Hwaahhh.. baru nyadar, kalo selama perjalanan pernikahan, episodnya berputar-putar pada hamil-melahirkan-menyusui plus merawat anak-anak. :P
Ya, dalam tujuh tahun itu, Alloh menitipkan 4 mutiara pada kami. Yang pertama baru genap 6 tahun, 2 minggu lalu.   Yang ke dua menjelang 5 tahun, milad akhir tahun ini, yang ke tiga usia 3,5 tahun dan yang ke empat berusia 1 tahun 3 bulan. Hmm, "Susun Paku" kata temanku yang orang Padang. Aktif, lincah dan kritis.

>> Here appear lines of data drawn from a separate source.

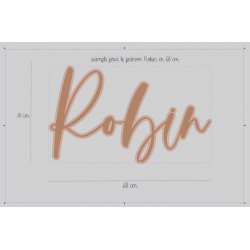 Grand Prénom en bois, police Pauline - découpé et gravé. à partir de :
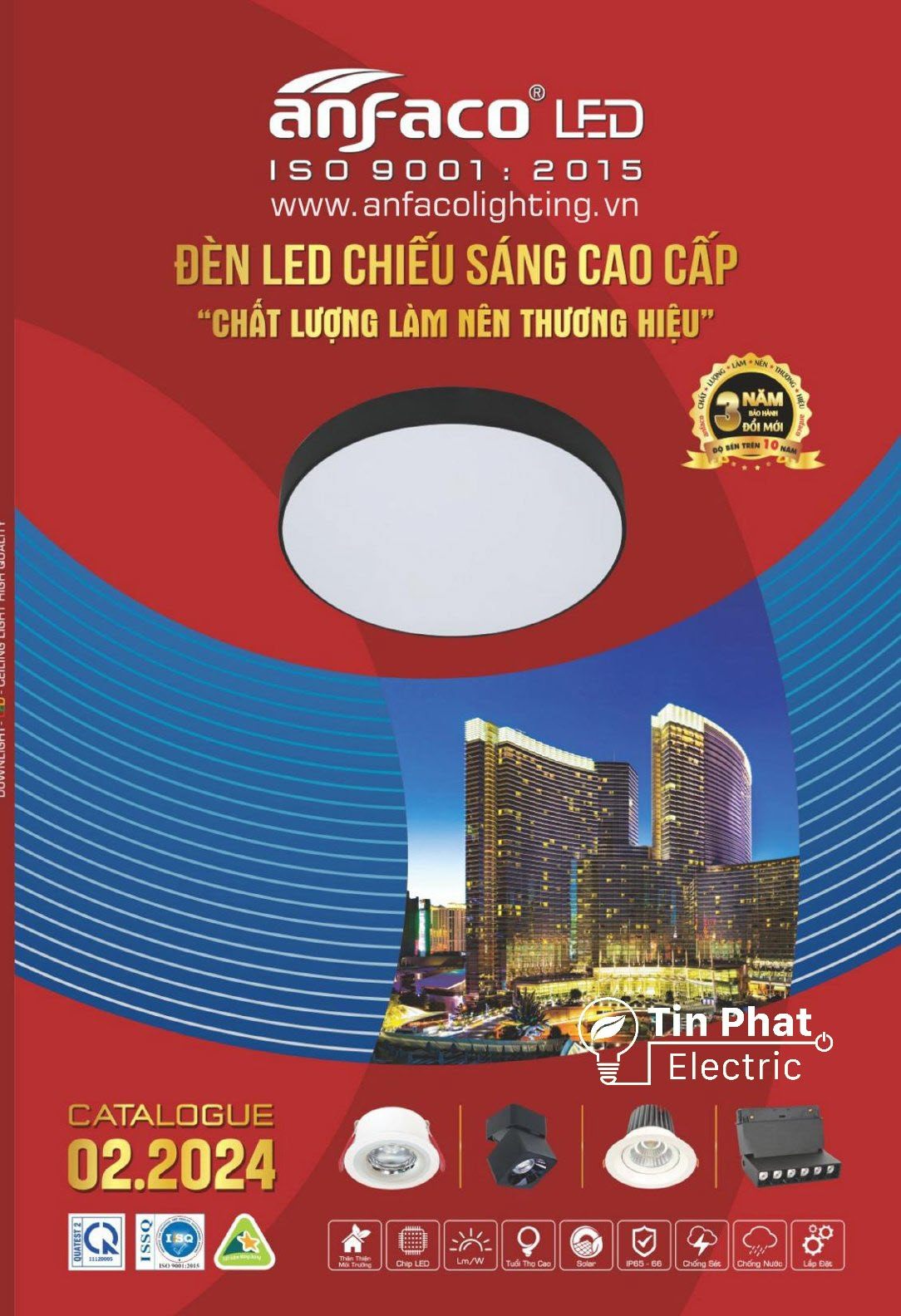 Bảng giá Đèn LED ANFACO (Catalogue 2024)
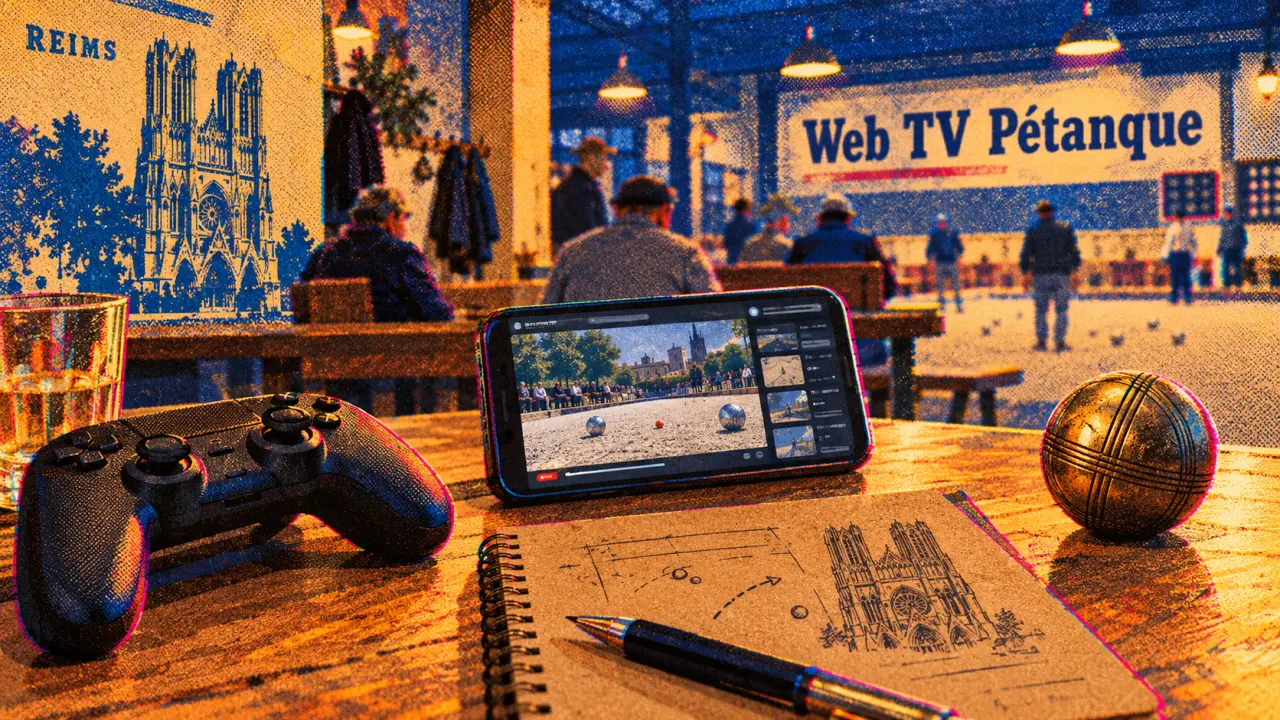 Depuis Reims, Marc Lambert crée une web TV pour la pétanque locale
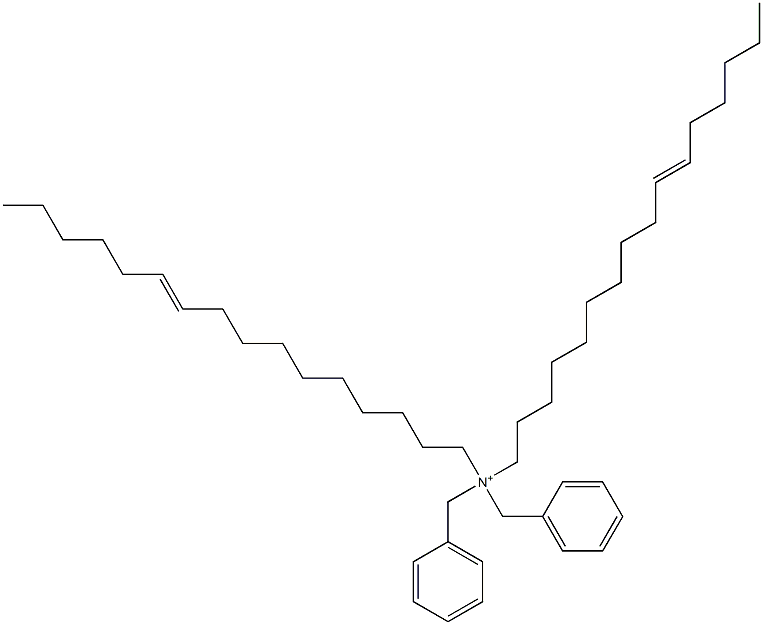 Di(10-hexadecenyl)dibenzylaminium Struktur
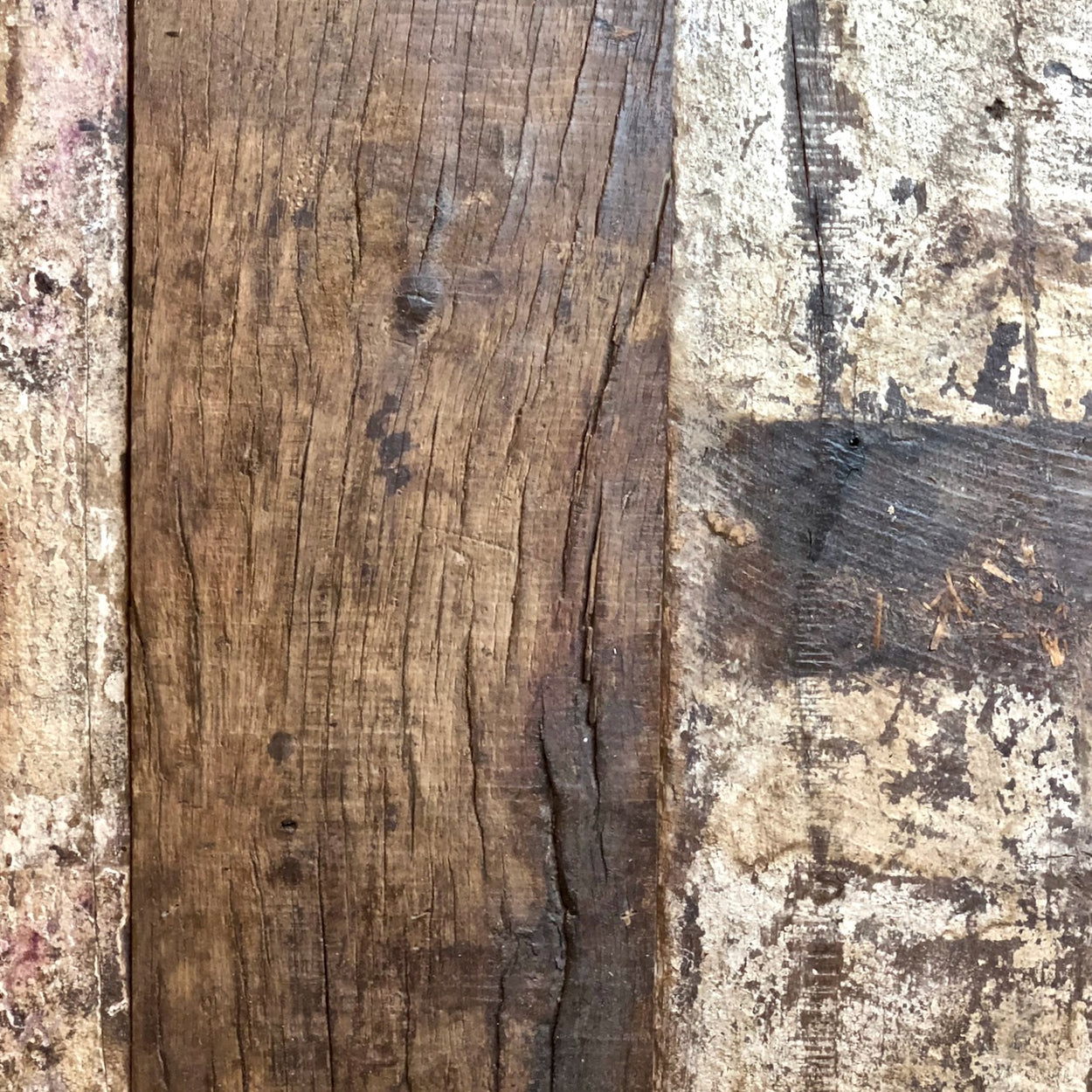 reclaimed oak boards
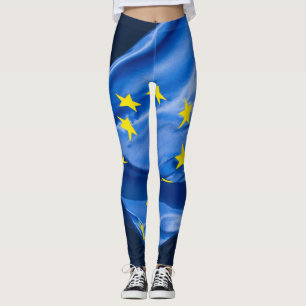 Europeiska flagga leggings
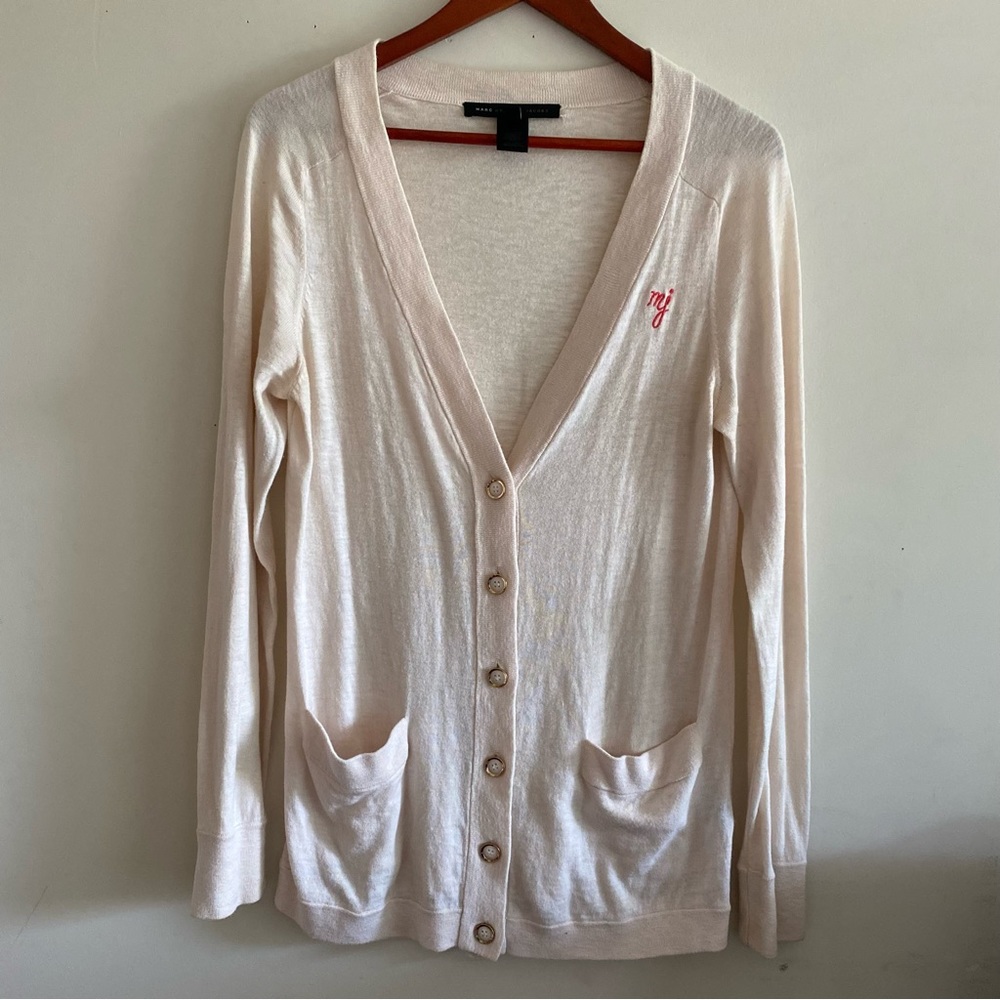 Marc by Marc Jacobs Cream Cardigan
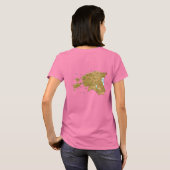 エストニア国旗と地図dk Tシャツ (裏面フル)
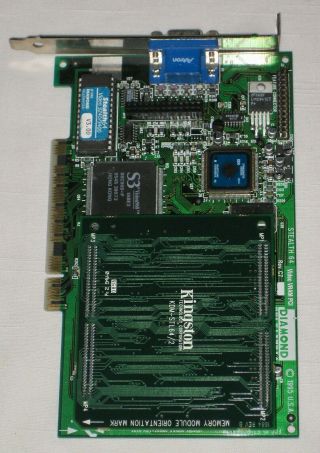 1995 Diamond Multimedia Card Kingston KDM - STL64/2 Stealth 64 Video VRAM PCT 2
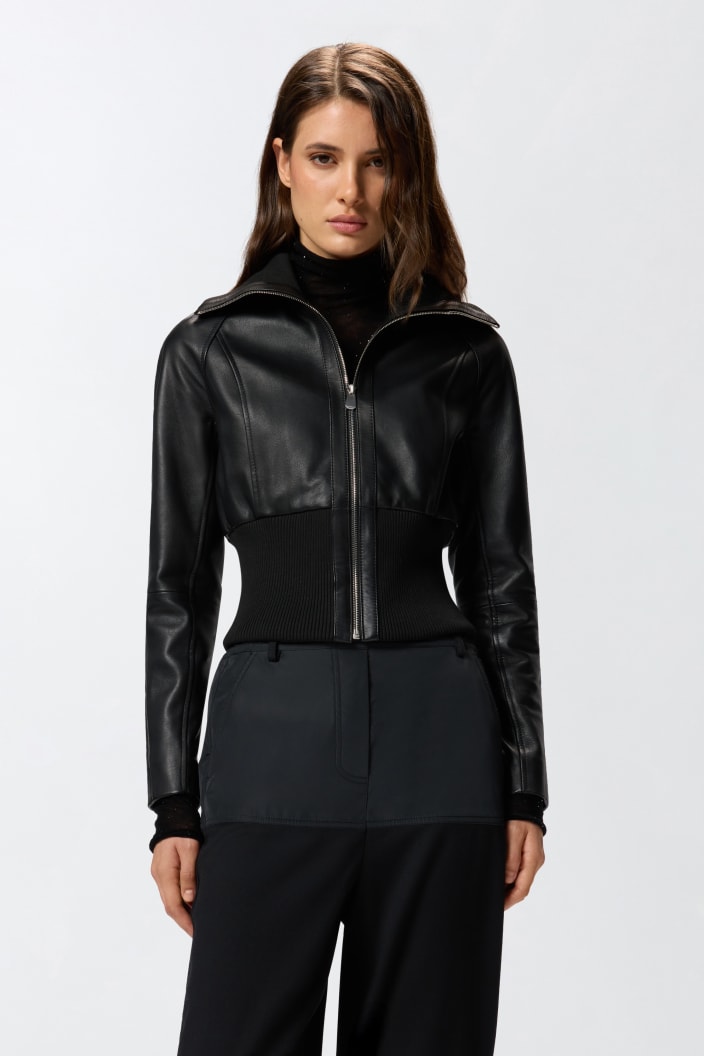 Giubbino Corto In Nappa E Maglia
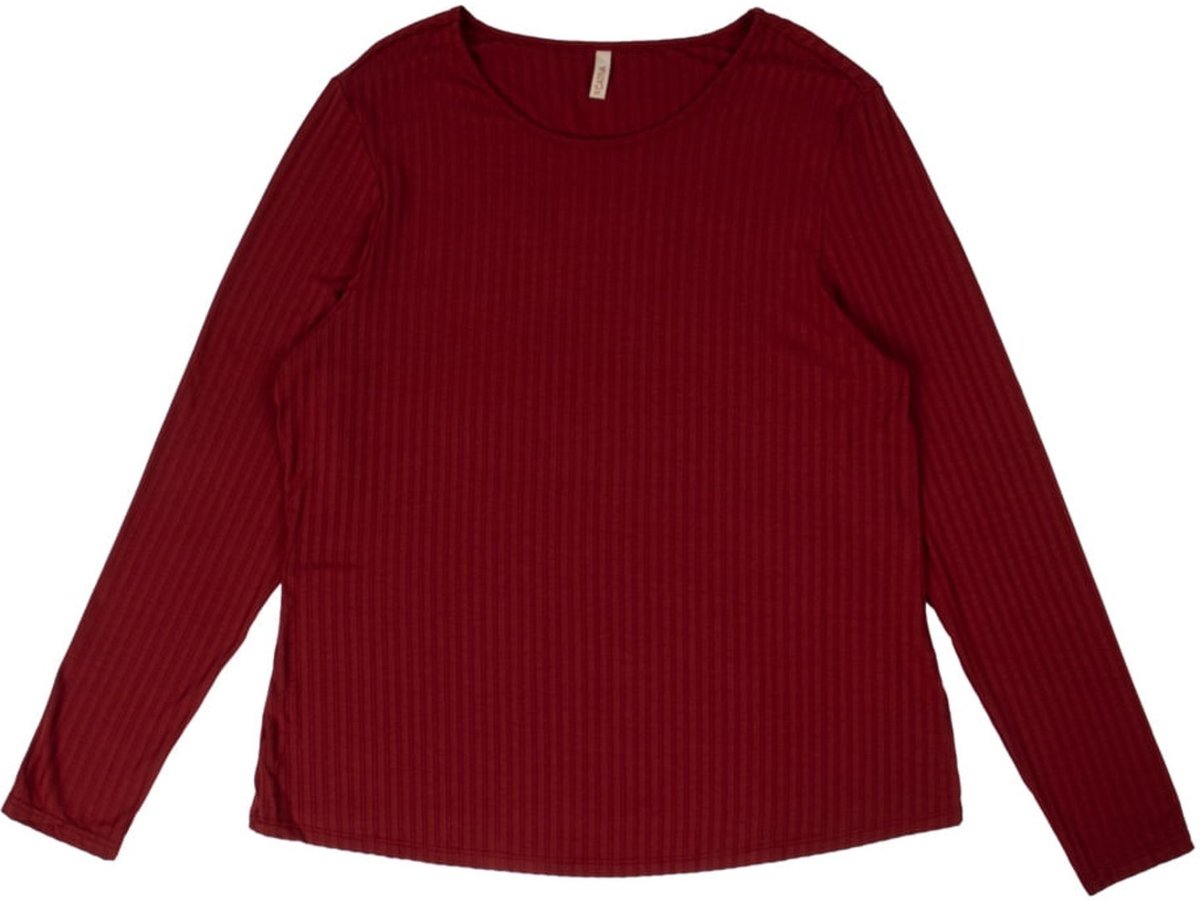 Blusa Feminina Cativa Plus Size Manga Longa Canelada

Semuanya spesial dan unik.

Hal yang selalu kuingat, bahwa dalam proses pengasuhan,  7 tahun pertama, Anak adalah Raja. Walaupun tidak sepenuhnya menerapkan ini, melayani mereka bak raja maksudnya,  tetap saja terasa betapa besar stok energi dan sabar yang perlu disediakan di fase-fase awal kehidupan mereka. Melayani 4 anak usia balita, ternyata kadang juga merasa lelah, letih dan menguras emosi.  Betapa tidak, walaupun aku sudah mulai menerapkan pola asistensi, tetap saja semua butuh sentuhan tangan emaknya.  Tak ada yang terlewat.
 Menjadi seorang ibu, ternyata benar-benar.... MENYENANGKAN!
Begitulah salah satu cara bagiku untuk mensugesti diri dan menyerap semua energi positif agar bisa berjibaku menjalani hari-hari penuh tantangan dan petualangan bersama bocah-bocah itu.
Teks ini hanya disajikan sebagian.